Our bodies are close to and around all these other bodies all the time, on the street, in stores the aisles are always one person wide, and especially on the subway. I say “excuse me” at least a dozen times a day. Everyone does. People here have an awareness of where their bodies. And a great sense of balance for uneven terrain and bucking train cars.
My training in crowd navigation came from the upper hallway of Trinity Lutheran. I zipped through the forest of grown-ups like whichever football player dodges between people. As a child, I identified this as a great and valuable skill.
Few places in America is this all right, this shoulder to shoulder and people so close that they close their eyes to keep from staring each other down. All this closeness meaning nothing, just circumstance. Recently there was a video online of stunt-snugglers falling asleep on strangers’ shoulders on the subway. Some people move quickly away, but plenty of other subjects let the snuggler sleep.
I have stopped reaching for my keys when I walk out of a building.
When the carfull of my family pulled up to my dad’s house, I saw his front yard, and I thought, how funny, what is all that land for? Why would anyone need all that? What happens there? Well: the Easter egg hunt. Mowing. Raking. All very healthy activities.
Being back was like being awake, and being here is like dreaming: fragmented, sometimes dramatic, often blurry, and always slightly unreal.
One night I looked out the same window I looked out when I was fifteen, the prickliest creature, full of thirst and unable to tell the truth about anything, and I intended to leave Overland Park for New York and Paris, and hate the straight streets and the quiet and everyone who valued safety. There was no moon, and one car drove down 103rd Street, through streetlight after streetlight. It is no louder in Brooklyn, not on the side streets, not where people live. People sleep everywhere.

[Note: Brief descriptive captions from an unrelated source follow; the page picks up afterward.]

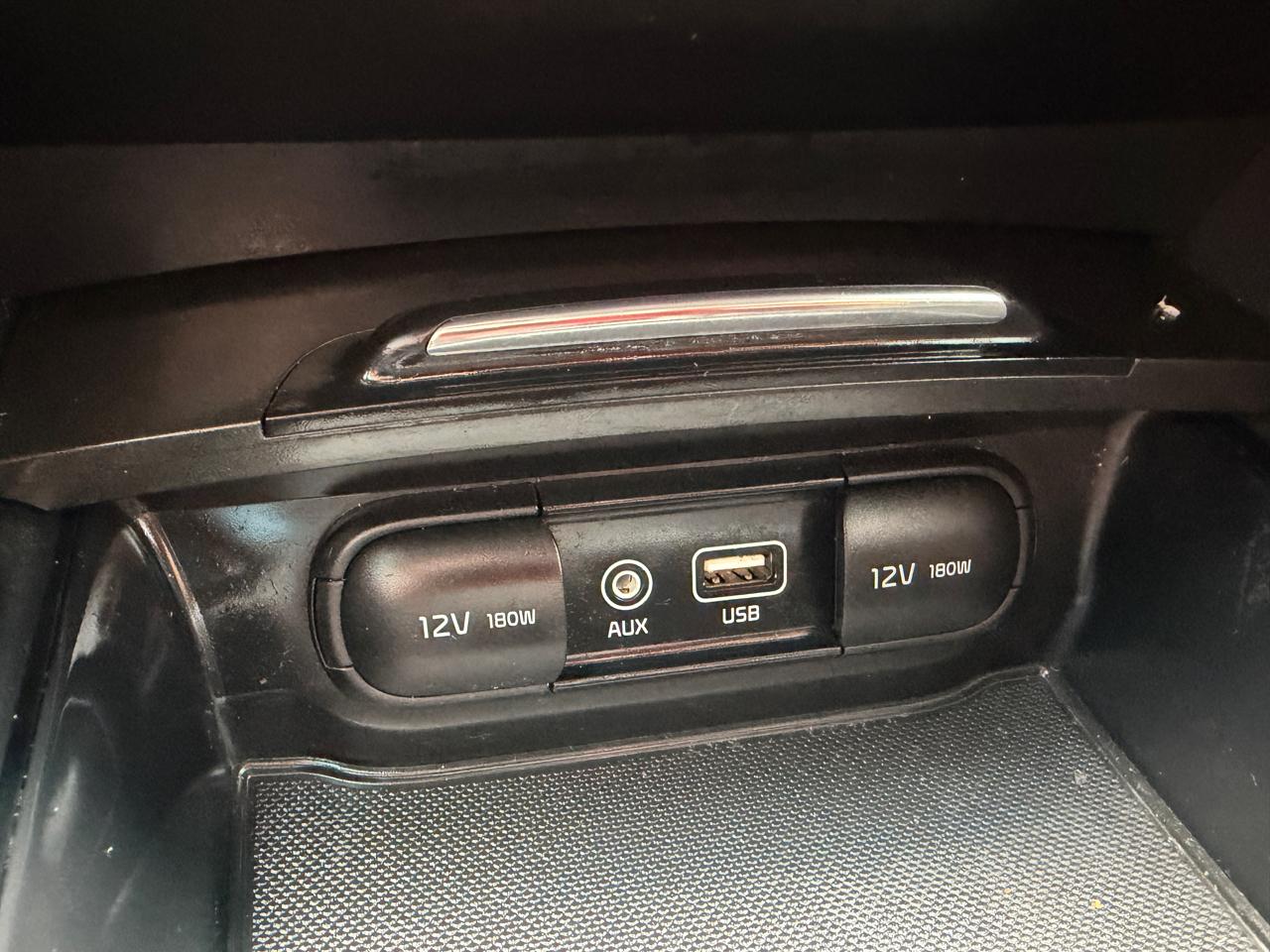 Kia Optima LX 2017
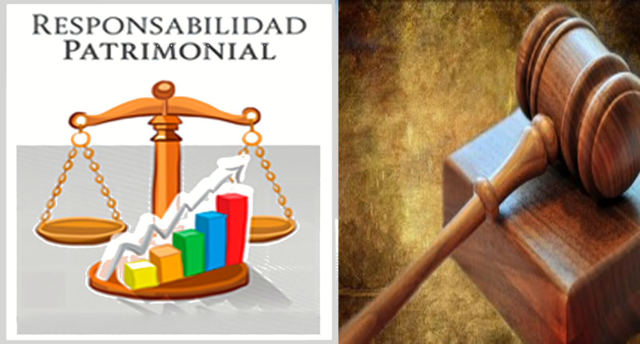 Ley Federal de Responsabilidad Patrimonial del Estado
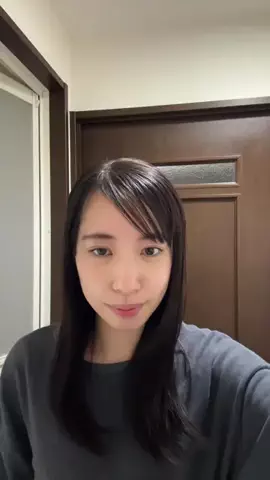 中顔面のTikTok投稿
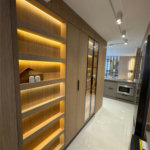 Apartamento Residencial à venda, Canto do Forte, Praia Grande - AP1508.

Years ago, I worked at a day care, and during naptime we placed cots around the room, put on the sleepytime music. One of the kids had to have his lammy. Some had blankies. Another had to have his back rubbed. When you are the teacher, you lie on the floor next to the cot, on a short-nubbed rug that has roads or the alphabet printed on it. My coworker, a six-foot-tall blond guy, would usually do that back rub. Usually both of them would fall asleep, the big guy snoring. I did close my eyes, and the naptime music, without melodic beginning or end, would settle me, and those were some of my most peaceful hours, but I never fell asleep. I wish I had.
Interesting commentary on being “home” after a short time – and understanding where “home” is.